What to do: Reproduce the listing below from the line with "Wohnung zum Mieten" to the line with "14518-MJT-E00", both lines included, character for character, minus any pictures.

Materials provided:
───

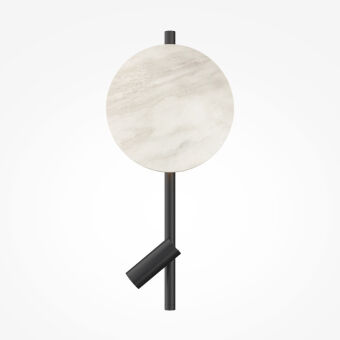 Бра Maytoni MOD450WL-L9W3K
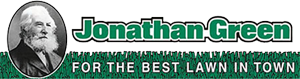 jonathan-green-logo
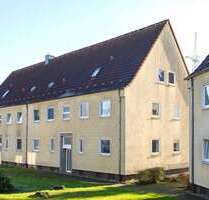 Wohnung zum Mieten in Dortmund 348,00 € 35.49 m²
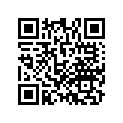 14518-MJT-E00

───

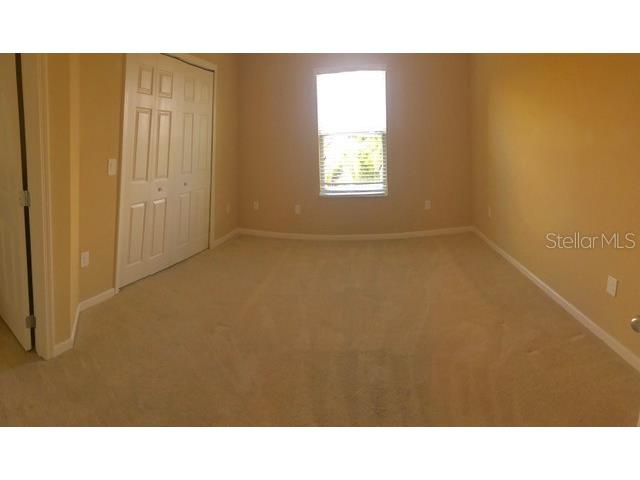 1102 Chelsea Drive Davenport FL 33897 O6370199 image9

───

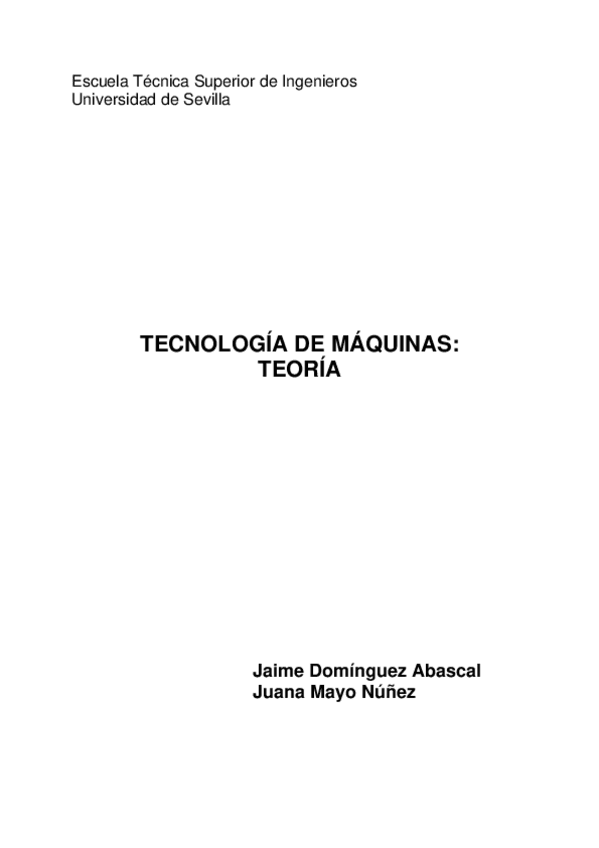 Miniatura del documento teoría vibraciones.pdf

───

Answer to the problem:
 Wohnung zum Mieten in Dortmund 348,00 € 35.49 m²
 14518-MJT-E00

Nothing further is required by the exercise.